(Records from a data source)
********

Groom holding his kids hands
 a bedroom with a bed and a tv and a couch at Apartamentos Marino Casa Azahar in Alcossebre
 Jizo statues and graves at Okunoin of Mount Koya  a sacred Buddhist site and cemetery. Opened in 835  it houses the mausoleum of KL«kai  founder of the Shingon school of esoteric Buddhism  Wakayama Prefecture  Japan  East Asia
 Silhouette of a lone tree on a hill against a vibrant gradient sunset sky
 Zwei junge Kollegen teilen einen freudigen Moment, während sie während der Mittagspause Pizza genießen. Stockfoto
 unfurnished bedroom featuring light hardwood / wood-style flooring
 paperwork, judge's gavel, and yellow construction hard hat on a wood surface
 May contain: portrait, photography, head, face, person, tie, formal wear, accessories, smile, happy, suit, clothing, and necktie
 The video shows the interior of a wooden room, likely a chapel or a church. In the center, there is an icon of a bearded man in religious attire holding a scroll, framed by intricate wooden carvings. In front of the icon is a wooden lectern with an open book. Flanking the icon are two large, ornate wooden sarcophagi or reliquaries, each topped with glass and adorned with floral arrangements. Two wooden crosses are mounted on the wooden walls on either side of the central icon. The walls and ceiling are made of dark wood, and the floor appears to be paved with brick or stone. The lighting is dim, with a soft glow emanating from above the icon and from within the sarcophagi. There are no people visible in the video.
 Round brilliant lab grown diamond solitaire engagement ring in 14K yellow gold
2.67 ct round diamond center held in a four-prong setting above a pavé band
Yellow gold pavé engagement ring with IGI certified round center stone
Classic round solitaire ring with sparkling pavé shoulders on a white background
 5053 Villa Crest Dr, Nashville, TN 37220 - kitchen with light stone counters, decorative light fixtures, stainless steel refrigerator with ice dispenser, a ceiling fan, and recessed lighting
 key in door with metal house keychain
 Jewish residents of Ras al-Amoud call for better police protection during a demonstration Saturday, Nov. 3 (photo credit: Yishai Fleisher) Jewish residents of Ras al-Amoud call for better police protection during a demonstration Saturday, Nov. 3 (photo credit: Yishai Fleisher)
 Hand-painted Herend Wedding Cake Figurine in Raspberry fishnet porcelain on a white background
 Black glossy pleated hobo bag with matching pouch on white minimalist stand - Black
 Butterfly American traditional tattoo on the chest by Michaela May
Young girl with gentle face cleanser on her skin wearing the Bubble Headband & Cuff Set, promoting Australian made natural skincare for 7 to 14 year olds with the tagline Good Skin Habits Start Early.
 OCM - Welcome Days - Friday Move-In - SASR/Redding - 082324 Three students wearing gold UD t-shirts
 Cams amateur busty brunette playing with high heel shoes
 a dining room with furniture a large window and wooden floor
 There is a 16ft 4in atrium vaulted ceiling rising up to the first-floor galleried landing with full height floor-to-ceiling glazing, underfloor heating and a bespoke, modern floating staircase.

********

* Problem to work on
The expected output is every line of the records in which the string "with" appears.

* Written response
 a bedroom with a bed and a tv and a couch at Apartamentos Marino Casa Azahar in Alcossebre
 The video shows the interior of a wooden room, likely a chapel or a church. In the center, there is an icon of a bearded man in religious attire holding a scroll, framed by intricate wooden carvings. In front of the icon is a wooden lectern with an open book. Flanking the icon are two large, ornate wooden sarcophagi or reliquaries, each topped with glass and adorned with floral arrangements. Two wooden crosses are mounted on the wooden walls on either side of the central icon. The walls and ceiling are made of dark wood, and the floor appears to be paved with brick or stone. The lighting is dim, with a soft glow emanating from above the icon and from within the sarcophagi. There are no people visible in the video.
Yellow gold pavé engagement ring with IGI certified round center stone
Classic round solitaire ring with sparkling pavé shoulders on a white background
 5053 Villa Crest Dr, Nashville, TN 37220 - kitchen with light stone counters, decorative light fixtures, stainless steel refrigerator with ice dispenser, a ceiling fan, and recessed lighting
 key in door with metal house keychain
 Black glossy pleated hobo bag with matching pouch on white minimalist stand - Black
Young girl with gentle face cleanser on her skin wearing the Bubble Headband & Cuff Set, promoting Australian made natural skincare for 7 to 14 year olds with the tagline Good Skin Habits Start Early.
 Cams amateur busty brunette playing with high heel shoes
 a dining room with furniture a large window and wooden floor
 There is a 16ft 4in atrium vaulted ceiling rising up to the first-floor galleried landing with full height floor-to-ceiling glazing, underfloor heating and a bespoke, modern floating staircase.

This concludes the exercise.